Update as of 4: 21 a.m. EDT: Two people were reportedly killed in Tennessee Tuesday, taking the latest toll from a massive storm system that has triggered powerful tornadoes across the southern and central U.S. to 11, including at least nine people who were earlier reported killed in Mississippi and Alabama. Further threats to life and property in the region from tornadoes could continue for several more days, reports said. On Monday, the death toll inflicted by the tornadoes in the states of Arkansas, Oklahoma and Iowa had climbed to 18.

At least nine people were killed Monday in Mississippi and Alabama after a massive storm system triggered powerful tornadoes that tore through the central and southern parts of the U.S. for a second day in a row.
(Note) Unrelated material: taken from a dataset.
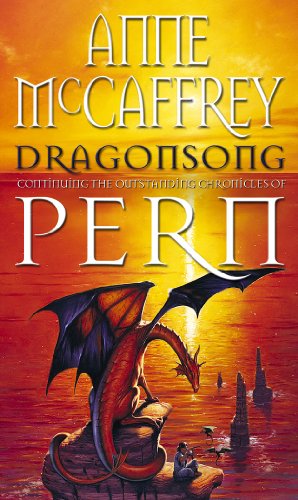 Dragonsong: A thrilling and enthralling epic fantasy from one of the most influential fantasy and SF novelists of her generation (The Dragon Books, 4)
As many as six were reported killed in Alabama, although only two deaths had been confirmed so far. The National Weather Service reportedly issued warnings for more tornadoes in Alabama while at least seven were reported killed in Mississippi by 12 tornadoes that hit the state. Tornadoes spawned Sunday by the severe weather had claimed at least 18 lives so far, with Arkansas accounting for 16 deaths while one death each was reported in Oklahoma and Iowa.
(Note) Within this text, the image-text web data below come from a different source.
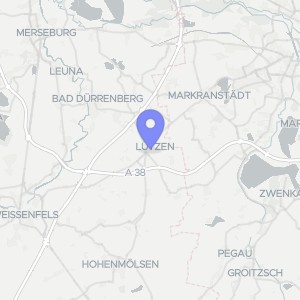 Karte von Dr.-Voigt-Straße  19, 06686 Lützen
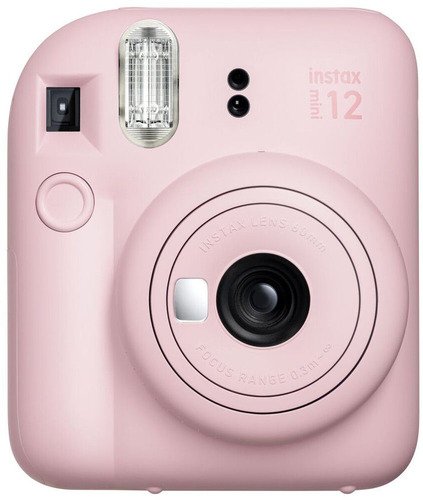 Fujifilm Instax Mini 12 Roze + Instax Mini Film (2x10) - 2
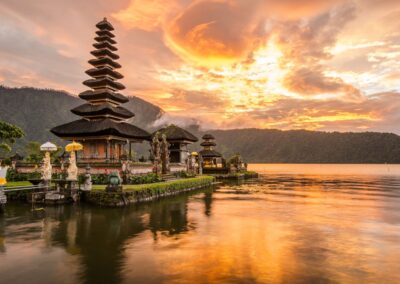 Esencias de Indonesia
"It was real bad. We're trying to pull people out," Bart Aguirre, Tupelo Police Chief told Reuters, referring to emergency crews that were going house to house and searching damaged buildings in the community of about 35,000 in northeastern Mississippi.

Tupelo Mayor Jason Shelton told Reuters: “I am just encouraging everyone to stay inside and be weather aware. There is still a very real danger of another line coming through and people still need to be inside.”
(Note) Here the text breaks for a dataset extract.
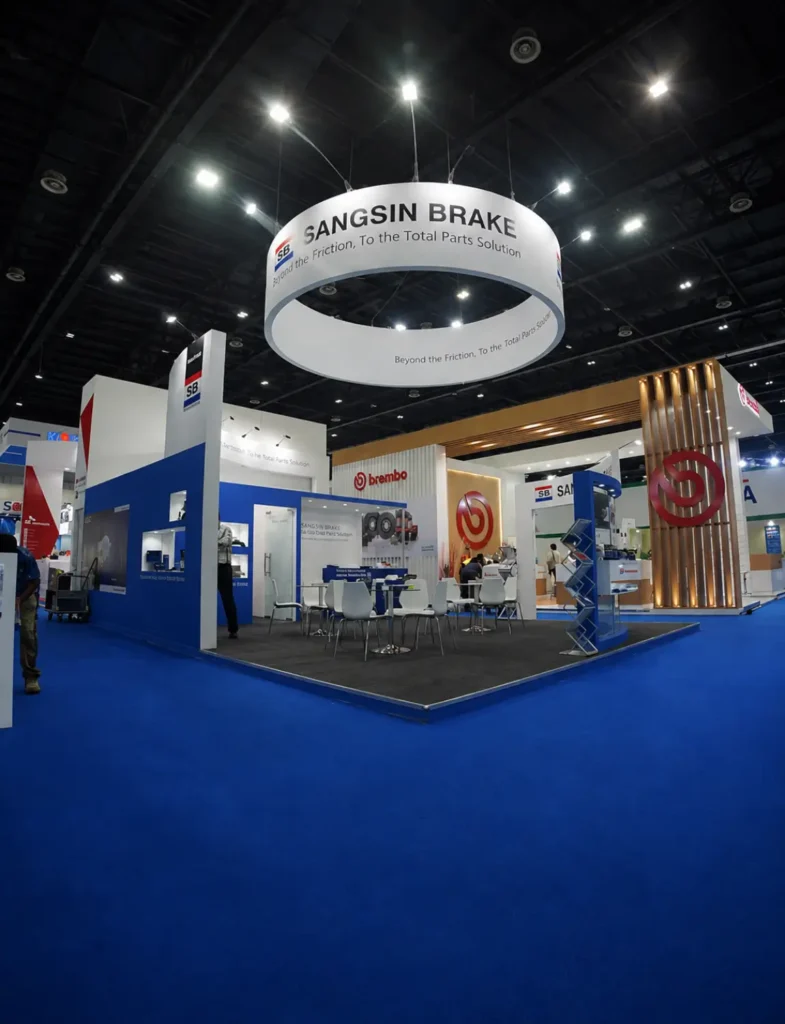 Exhibition Stand Contractors in Rimini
George Grabryan, director of emergency management for Florence and Lauderdale counties, in northwest Alabama, told Fox News that about 16 shelters were opened before the storms hit the state.

"There's a lot of sensitivity up here," Grabryan said. "I've got a stack of messages here from people, many of them new to the area, wanting to know where the closest shelters are."

Mississippi Gov. Phil Bryant reportedly said the hardest-hit areas were Tupelo and Winston counties near the town of Louisville. Parts of western Georgia and Tennessee also were at high risk as the storm system headed east toward the Mid-Atlantic states.